Guess which mental approach SulkyPants Yomping is currently choosing to take? Blush Confused

OP posts:
YompingJo · 28/07/2012 12:08

Please, someone, tell me you would be as ungracious and crap as me and secretly be having the same thoughts!

OP posts:
Angelico · 28/07/2012 12:37

CWest all you can do is wait and see but keeping fingers crossed for you - try not to think about it, it's out of your hands for now...

Beeble am MAJORLY impressed that you bought a 10 pass for yoga! :o

Huffle - know what you mean about the time rolling in! I have a couple of those email websites that send a weekly or daily message and one of them popped up yesterday saying I had 70 days left... 70 fucking days!!! Shock Shock Shock Only good thing about renovation stress is that I haven't had time to start worrying about baby coming out! And actually been too busy buying tiles to order a buggy etc Confused

Beccus hope all is well with you :)

MrsConfusion any way you can finish sooner? :(

Yomping always a faff getting ready for these things - just put on your new dress, have one glass of something to get you in the mood and go and enjoy the craic. You'll have fun!!! And have the perfect excuse to eat the buffet table bare :o

Stayed up to watch Olympic Ceremony, planning a lie in. Instead up since 8 this morning meeting workmen, last one just left. Feel like going back to bed for an hour but have to pack as we are staying with family this weekend. Going for a 4D scan this afternoon, not sure whether it will be cool or wierd, will let you know! :) The beans look a bit alienish at this stage sometimes... but I'm getting it more because I would love to see what I looked like at that stage so want to know the bean will be able to have a look in the future. Think DH is half fascinated and half freaked out... :o

Have a lovely weekend ladies! x

Planktonette · 28/07/2012 12:51

yomping - do you know, just this morning I sent a message to a girlfriend who was pulling away from me and I felt really let down about it.

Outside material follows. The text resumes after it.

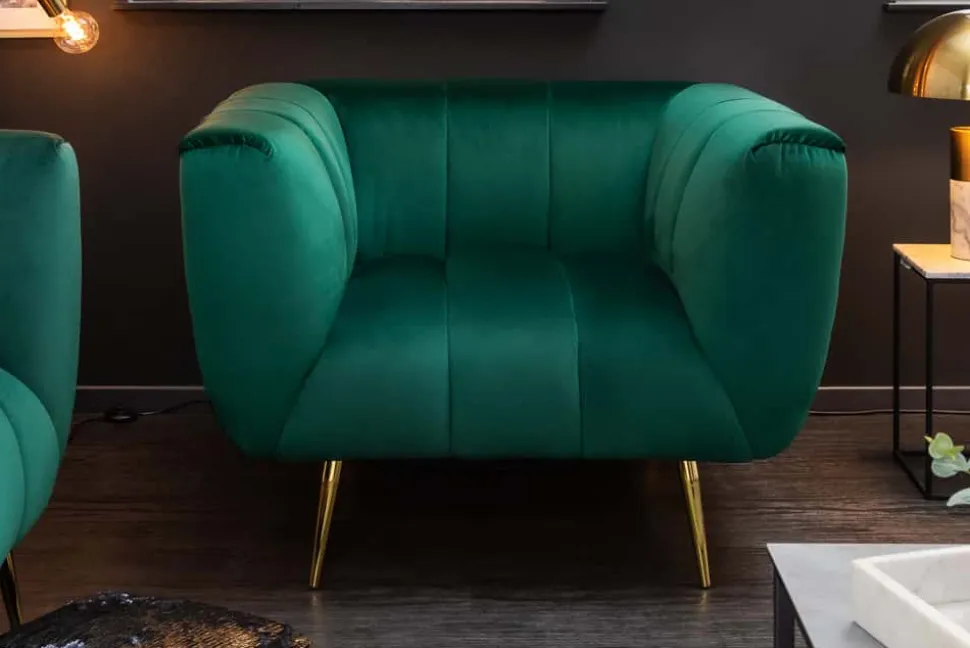 Retro Sessel NOBLESSE 105cm smaragdgrün Samt mit Ziersteppung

Now she lives in Australia and I live in Emgland, but I haven't been able to get even an email out of her (other than 'ra ra I'm a crap firend') for about three years - and we used to be close, she was one of my bridesmaids. So I am in the middle of feeling let down and rubbish myself today when it comes to people pulling away!

Oeople pulling back from friendships is weird and hurtful. I know. And it's far easier to think about 'why doesn't she like me?' than remember all the lovely people who do like you.

But also remember that weddings are INSANE and people go a bit nuts. Nobody bloody knows what the conventions are, and even if they do, they find bewildering reasons to ignore them. Your buddy is temporarily quite, quite mad. This is nothing to do with you.

Do go, though - grin and tolerate it. If you decline out of hurt feelings, she'll likely not even notice due to the aforementioned wedding madness. A couple of weeks later, you can ask her out for coffee or something, and if she declines, then you'll know where you stand without the veil of wedding madness obscuring your friend's true feelings towards you.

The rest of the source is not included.